Using real-world experience in business, government to improve county
By Clint Ives - Guest Column
Feb. 12, 2018 at 6:06 p.m.
So much has happened in county government since I was elected County Commissioner in 2010 that it's hard to know where to start. When I was sworn in for the first time, the Eagle Ford boom was on and the mortgage crisis was fading into memory. We saw the oil business surge to new heights, then decline swiftly.
Through making sound decisions, Victoria County built up financial reserves during the good times to be prepared for bad times. This proved critically important when Hurricane Harvey ravaged our county and during the aftermath of that awful storm.
From day one as County Commissioner, I met with our team in Precinct 4 to plan an aggressive approach to repairing and paving miles of crumbling county roads. This game plan made it possible to pave more than 50 miles of county roads, considerably more than was paved in the prior decade.
After complex and lengthy negotiations, we acquired the right-of-way needed to build a fresh extension road into the Brentwood subdivision. This new entrance road had been sought by local homeowners for decades and solved a serious safety issue with trains blocking fire and EMS access to the neighborhood.
While campaigning on conservative ideals can be popular, implementing those principles instead of just talking often means going the extra mile.
From 2015 to the current 2018 county budget, we've reduced county spending significantly. Along with spending less, in 2015 we gave local taxpayers a substantial cut in county tax rates, and I've worked to hold the line and keep taxes at these lower rates.
Financial goals like these aren't easy to achieve, and by using a conservative common-sense approach, Victoria County Commissioners Court is providing enhanced services to local residents at lower cost.
Public safety and public health spending make up over half of Victoria County's annual budget.
This highlights the priority we place on keeping people safe and healthy here. While facing a possible revenue shortfall of nearly $1 million last year was challenging, we still found ways to provide additional resources for public safety.
We're also moving forward in the accreditation process for our Health Department. When this two-year process is complete, the Victoria County Health Department will be one of only six health departments in Texas to have this important accreditation and the access to additional federal resources it brings.
When a Precinct 4 landowner sought a permit from TCEQ to dispose of grease and grit trap waste by dumping sludge on land outside Inez, we took decisive action.
This sludge dumping could have seriously threatened groundwater in our area, and Victoria County aggressively opposed this sludge permit.
Thus began a lengthy administrative, legal and legislative battle to stop this threat to our local environment. After making numerous trips to Austin, being in multiple legal hearings and committee meetings and working constantly with our legislators, I'm pleased to report that we have blocked this TCEQ sludge permit.
Hurricane Harvey was a disaster like we haven't seen here in decades, and long-term recovery efforts may continue for years. While working at the Emergency Operation Center, I saw Harvey swiftly swell from a tropical storm to a major Category 4 hurricane.
Our first responders hit the ground running, and we immediately began working to clear debris as soon as the storm passed.

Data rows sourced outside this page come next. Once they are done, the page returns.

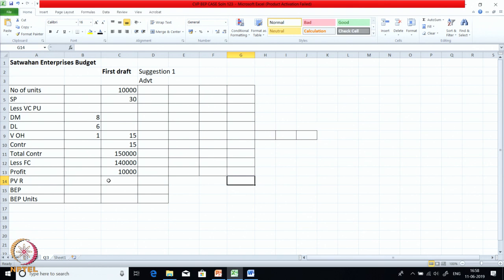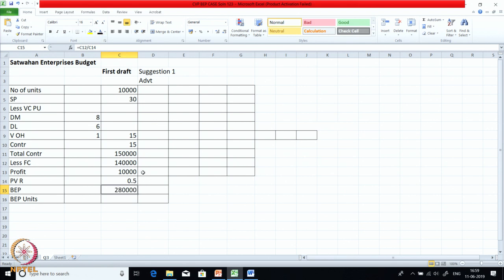Compute the PV ratio — you know it is contribution upon sales, so it is 50%. What is the breakeven point? FC upon PV ratio. So 2,80,000 and breakeven point in units is 9,333.33. You can see they are just operating a little above breakeven. That is why the profit is very low.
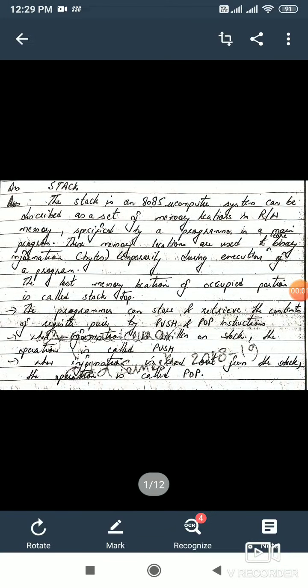Hello students, today I am going to teach you stack — the word stack which is frequently used in 8085 microprocessor. The stack is an 8085 microcomputer system which can be described as a set of memory locations in a read-write memory. Read-write memory is random access memory specified by a programmer in a main program.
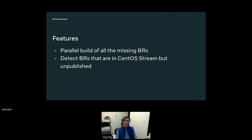Further out: maybe we can trigger a mock chain build of all the missing build requirements, just to make sure you can actually get them all to build — given that in EPEL we often want to modify the spec to remove some dependencies. That's probably a bit far out, but the next one is actually important: we want to know what requirements are actually in CentOS Stream but just not pushed yet.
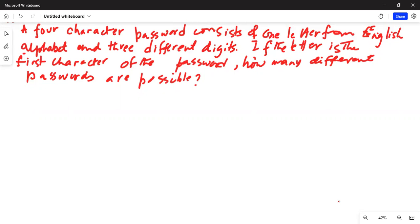A four-character password consists of one letter from English alphabet and three different digits. If the letter is the first character of the password, how many different passwords are possible?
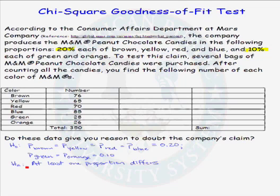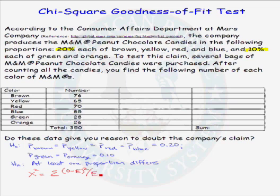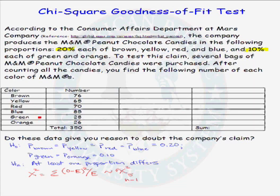To continue with the test, we need a test statistic. We will use a chi-squared test statistic, which is the sum over all categories of the observed minus the expected frequencies, quantity squared, over the expected frequencies. As long as certain conditions are met — that all expected cell frequencies are at least one, and no more than 20% are less than 5 — the test statistic has a chi-squared distribution with 5 degrees of freedom. That 5 comes from n minus 1, where n is the number of categories in our hypothesized distribution.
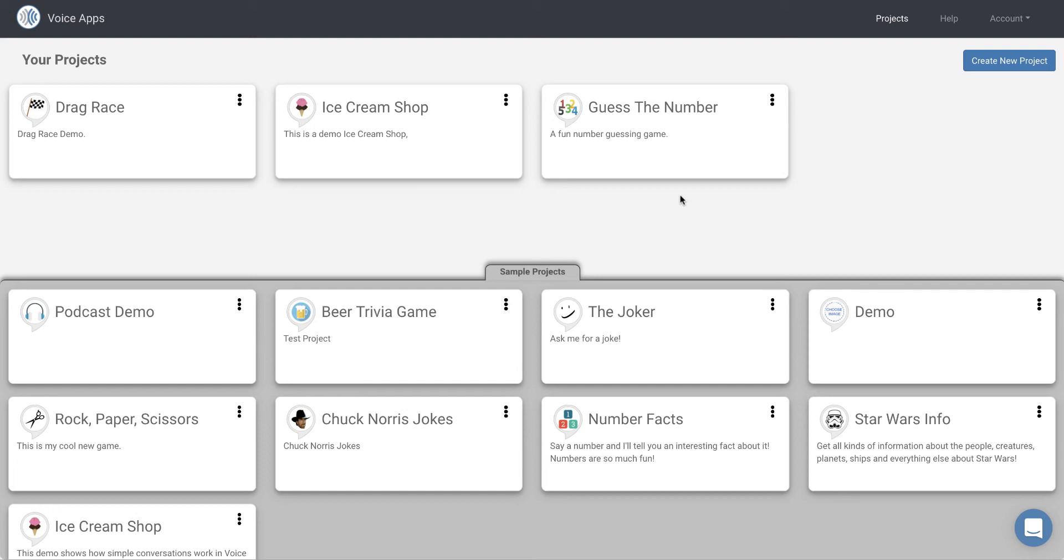Hey guys, it's Jeff with voiceapps.com. In this video, I'm going to show you how easy it is to create a streaming audio or a podcast Alexa skill using the voiceapps.com platform. So let's get started.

With help from precinct forces, we cleared more than 150,000 cubic yards of debris off county right-of-ways, and Victoria County was considered clear of debris in just over 90 days.
Victoria County is my home, and my parents taught me the importance of faith, hard work and keeping your word. I take these same values to the courthouse and the precinct barn as commissioner. I want to continue making Precinct 4 a better place by building on the progress we've made and also complete the many projects we currently have in the works.
We've been very busy clearing away debris, dealing with new drainage issues and working with people to help them recover from Hurricane Harvey.
Our own precinct barn was heavily damaged by the hurricane, and there's a lot of work still to be done.
Growing up in ranching taught me to never take anything for granted, and I want to continue using my real-world experience in business and government to improve our county for the good of everyone. I would appreciate your support, and I ask for your vote in the upcoming Republican Primary.